When the perpetrators of the attacks in both Paris and San Bernardino, California, were determined to be Muslim, the issue of how to handle Islamic extremist terrorists morphed into something else entirely: The rhetoric went from tactical to straight-up Islamophobic.
Some of the strongest words came from Republican presidential candidates.
1. In November, former governor of Arkansas Mike Huckabee, who withdrew from the presidential race on Tuesday, told Fox News his opinion on welcoming Syrian refugees into the United States:
It's time to wake up and smell the falafel. We are importing terrorism.
2. Wisconsin Gov. Scott Walker, also a campaign drop-out, acknowledged at an August campaign event that not all Muslims are terrorists. But his headcount of those Muslims he deemed "reasonable and moderate" was, let's say, lowballing it:
It's a war against Christians, against Jews — it's a war against even the handful of reasonable and moderate followers of Islam who don't share the radical beliefs that these radical Islamic terrorists have.

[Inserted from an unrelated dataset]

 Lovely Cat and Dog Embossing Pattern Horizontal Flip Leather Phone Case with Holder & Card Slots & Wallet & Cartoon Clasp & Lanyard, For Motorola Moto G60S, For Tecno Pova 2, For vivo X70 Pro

3. On MSNBC's Meet the Press, GOP candidate Ben Carson told reporter Chuck Todd that he doesn't believe a Muslim would be fit for the Oval Office:
I would not advocate that we put a Muslim in charge of this nation. I absolutely would not agree with that.
4. In January 2015, former governor of Louisiana Bobby Jindal, also a former 2016 candidate, threatened the possibility of "no-go zones" for Muslims — who Jindal said want to "conquer" the U.S. — just as there are for non-Muslims in Europe.
If they want to come here and they want to set up their own culture and values that's not immigration, that's really invasion if you're honest about it.
5. In an interview with ABC, Florida Sen. Marco Rubio acknowledged that not all Muslims are radical jihadists, but went on to address Hillary Clinton's choice not to use the words "radical Islam" with a surprising comparison.
That would be like saying we weren't at war with the Nazis, because we were afraid to offend some Germans who may have been members of the Nazi Party, but weren't violent themselves.
6. And the grand finale: In December, Donald Trump called for the "total and complete shutdown" of Muslims entering the U.S., a system for tracking American Muslims and, in an effort to preemptively shut down critics, a moratorium on "political correctness."
I think there can be profiling. ... You have people that have to be tracked. If they're Muslims, they're Muslims.
White House spokesperson Jen Psaki told the Washington Post, "We discussed [a mosque visit] as an option of something powerful the president could do to speak directly to Muslim Americans," adding that the rhetoric "has really impacted him on a personal level in terms of how damaging he feels it is to this entire community."
Perhaps now that message will spread.